As the nation watched tension between white nationalists and counter protestors turn violent Saturday in Charlottesville, Virginia, worries began to emerge that the discord would come to a Texas college town next.
Preston Wiginton, a Texan with deep ties to white nationalist movements, announced Saturday afternoon that he plans to host a “White Lives Matter” rally next month on the campus of Texas A&M University in College Station. At the top of a press release announcing the event, he declared “TODAY CHARLOTTESVILLE TOMORROW TEXAS A&M.”
Word of the planned rally, which Wiginton said will take place on Sept. 11, generated immediate outrage on social media. Within hours, a counter protest had been planned. That event will be called “BTHO Hate,” the name of which borrows from an A&M football chant expressing the desire to “beat the hell outta” the opposing team.
The organizer of that protest said the event would be nonviolent, and was organized to “demonstrate that members of the Aggie community do not support the hateful bigotry espoused by Wiginton and the planned speakers.”
“White supremacists keep coming to our campus thinking we’re going to support them,” said Adam Key, a doctoral student at A&M and the organizer of the counter protest. “Just like the last time they showed up, we want to demonstrate as clearly as we can that their ideas are not welcome here.”
The last time was in December, when Wiginton hosted Richard Spencer, a leader of the white nationalist movement known as the alt-right. About 400 people attended Spencer’s speech, and the night seemed constantly on the brink of boiling over. Spencer's talk was interrupted repeatedly with shouting, pushing and shoving among people in the crowd.
Outside, thousands of people protested, leading the Texas Department of Public Safety to clear A&M’s Memorial Student Center out of safety concerns. Meanwhile, A&M held its own simultaneous concert event at its football stadium across the street.
“We hoped that December was the last time we would have to protest them,” Key said. “Aggies started fighting Nazis in World War II. We have no plans to stop any time soon.”
The planned sight for Wiginton's rally is a fountain named after famous Aggie Gen. James Earl Rudder, who led a group of Army Rangers up 100-foot cliffs to topple Nazi gun barracks during the D-Day invasion.
Wiginton, who briefly attended A&M and has organized several white nationalist events at the school, said in his press release that he has invited Spencer back to College Station for the September event. There will be other speakers and a DJ, too, he said. The focus, he said, will be to protest “the liberal agenda of White Guilt and white genocide that is taught at most all universities in America.” There will also protests against specific A&M professors.
“Various groups throughout the country concerned with the political status of whites in America will be attending as well,” he wrote.
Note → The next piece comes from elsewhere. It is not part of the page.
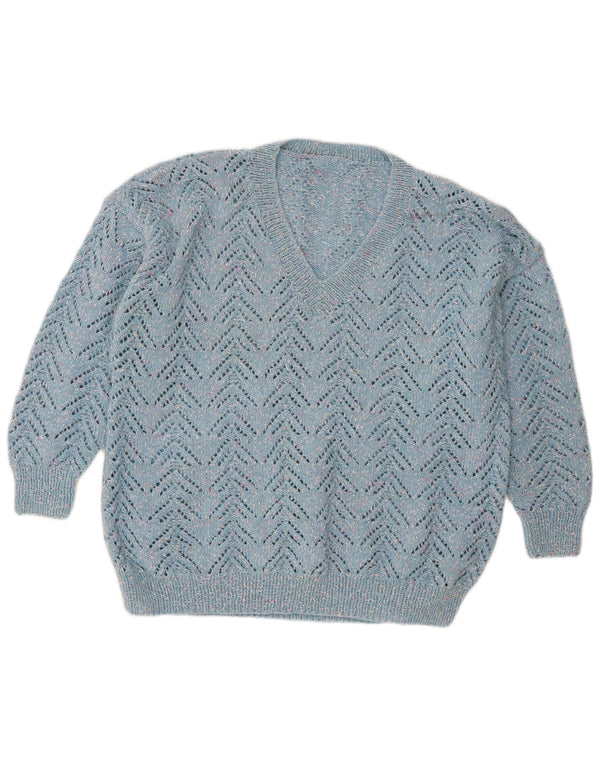 Vintage Womens V-Neck Jumper Sweater UK 18 XL Blue Chevron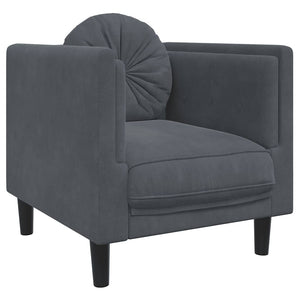 vidaXL Fauteuil avec coussin Velours gris foncé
Details for the counter event were less specific. Key said participants will try to get as close to Wiginton’s event as possible. On Facebook, organizers proposed forming a “maroon wall” of students to block Wiginton’s message from the general public. A&M students used a similar strategy when the infamous Westboro Baptist Church protested a military funeral in College Station in 2012.
A&M hasn’t officially responded to the protest plans.